04 April 2008

SELAMAT RIBUT RUKUN

Ada bebrapa ucapan yang " SELAMAT" sering diberikan orang pada kita atau sebaliknya. Misalnya,
  • Selamat menempuh hidup baru - orang yang menikah.
  • Selamat Berbahagia - orang yang naik jabatan.
  • Selamat panjang umur - orang yang berulang tahun dsb.

Namun ada satu ucapan yang tak lazim dipakai orang, yaitu "SELAMAT RIBUT RUKUN". Hal ini mengingatkan mengingatkan saya akan sebuah judul buku yang ditulis oleh Dr. Andar Ismail dan diterbitkan PT. BPK Gunung Mulia dengan judul yang sama.Buku ini mengangkat perasaan-perasaan orang yang merupakan dinamika hubungan dalam satu keluarga. Penulis buku ini sengaja menggandengkan dua kata, yaitu ribut dan rukun untuk memknai kehidupan dalam berkeluarga. Sebetulnya kehidupan berkeluarga bukankah ditandai oleh suasana ribut dan suasana rukun. Biar bagaimanapun juga rukunnya suatu keluarga bukankah dalam kenyataannya terjadi juga keributan?
Namun ada suami dan isteri yang tak pernah ribut ? atau adik dan kakak yang tak pernah bertengkar? Lebih baik kita bersikap realistik dan mengakui bahwaribut dan rukun memang saling bergandengan dalam perjalanan berkeluarga.
Mengapa anggota-anggota satu keluarga yang rukun dan saling mencintai dapat juga bertengkar? Penyebabnya tentu berbeda-beda. namun secara umum, penyebab hakikinya adalah justru karena mereka saling mencintai. Disini terdapat paradoks (=dua hal yang saling bertentangan) dan kausalitas (=dua hal yang saling menyebabkan). Anggota-anggota keluarga adalah orang-orang yang paling dekat dengan kita.
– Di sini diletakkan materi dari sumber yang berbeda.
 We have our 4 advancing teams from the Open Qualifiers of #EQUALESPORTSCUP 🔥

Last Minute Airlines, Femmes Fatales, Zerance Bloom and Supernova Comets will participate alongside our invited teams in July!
Mereka adalah orang-orang yang paling kita andalkan. Karena itu kita mempunyai ekspetasi (=harapan yang mengandung suatu tuntutan) yang tinggi terhadap mereka. Tetapi sebagai orang dekat, kita juga mudah melihat segala keburukan mereka. Ekspetasi kita berbeda dari kenyataan. Kita menjadi kecewa lalu kita menjadi kesal. Selanjutnya, sebagai orang dekat kita tak sungkan untuk mengecam. Kecaman itu dapat menimbulkan keributan. Akibatnya dapat menimbulkan perasaan benci. Disini letak paradoksnya : Kita benci padahal kita mencintai. Disini letak kausalitasnya : kita benci karena kita mencintai. sebanya kata "benci" seolah-olah merupakan singkatan "benar-benar cinta".
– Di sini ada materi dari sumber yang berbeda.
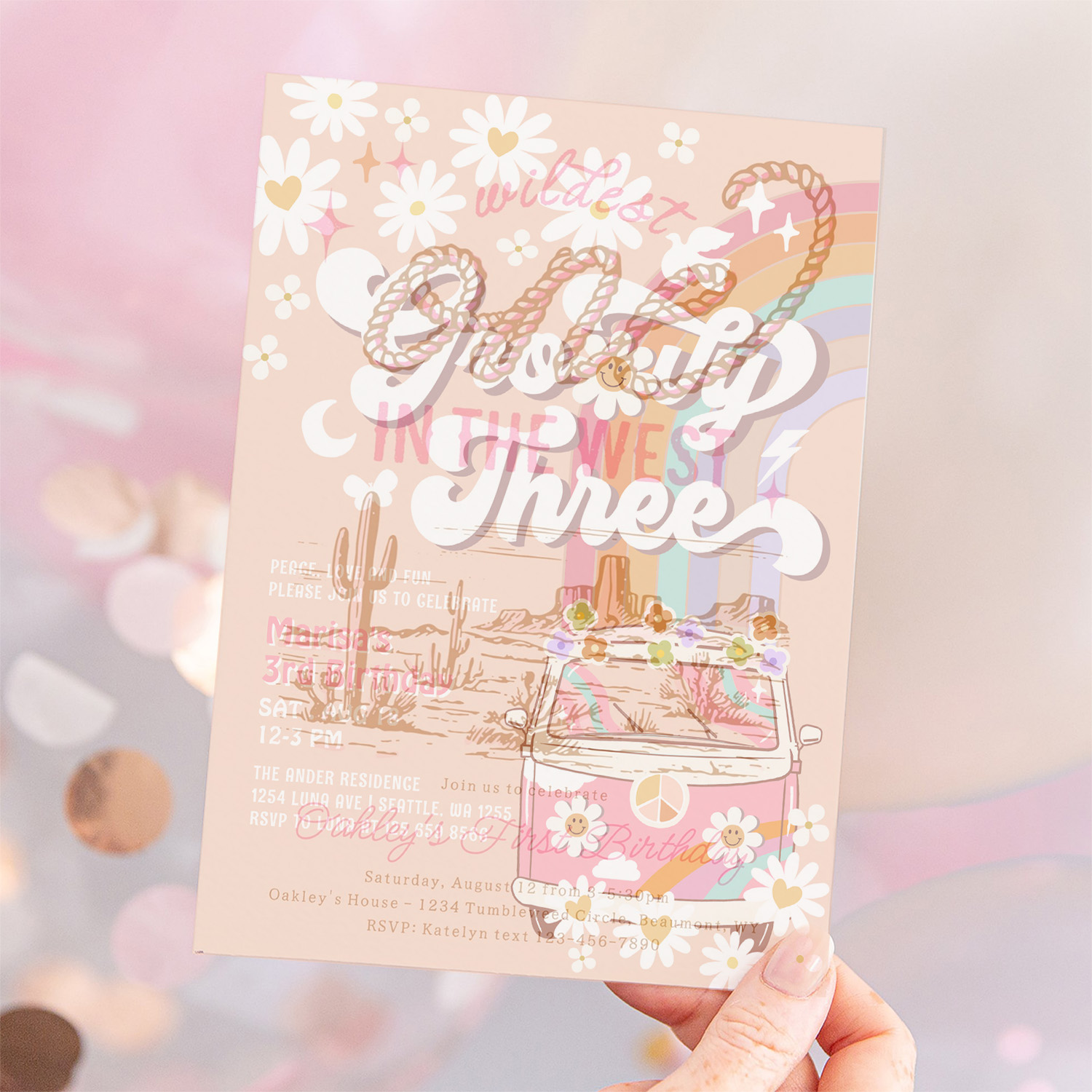 Groovy 3rd Pink Daisy Rainbow Hippie Birthday Invitation - Image 12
Anggota keluarga adalah orang-orang yang paling dekat dengan kita. Mereka dekat dengan baik dalam jarak, maupun dalam intimitas (=kedekatan atau keakraban dalam hubungan). Kedekatan itu menimbulkan hubungan yang intens dan memunculkan beraneka ragam perasaan. Berbagai perasan itu, misalnya cinta, kecewa, butuh, amarah, rindu, peduli, iba, cemas, kesal dan lain-lain. Dapat menimbulkan kerukunan serempak juga keributan.
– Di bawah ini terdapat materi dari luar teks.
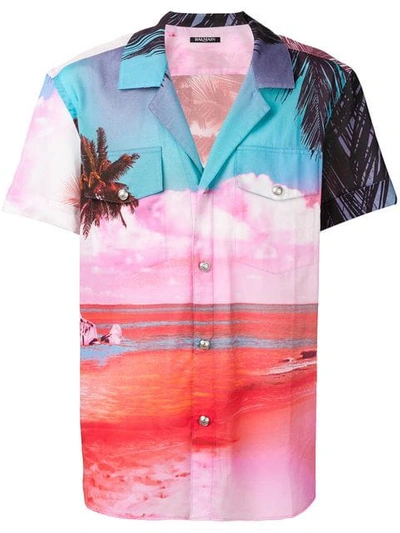 Shop Balmain Beach Print Shirt In Pink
Hubungan orang-orang dalam keluarga memang penuh dengan dinamika. Mereka adalah ibarat telur dalam keranjang. Kapan telur-telur berbenturan dan menjadi retak? Kalau mereka terletak dalam satu keranjang yang sama. Dua telur yang terletak berjauhan atau dalam keranjang yang berbeda tidak mungkin akan berbenturan. Tetapi justru telur yang terletak dalam satu keranjang yang sama akan berbenturan. Anak dan orangtua, suami dan isteri, adik dan kakak, mertua dan menantu, kemenakan dan ipar adalah ibarat telur-telur dalam satu keranjang. Mereka berdekatan, karena itu merekaberbenturan. Tetapi mereka tetap saling butuh dan saling cinta. Mereka ribut meskipun rukun, mereka rukun meskipun ribut. Itulah hidup berkeluarga.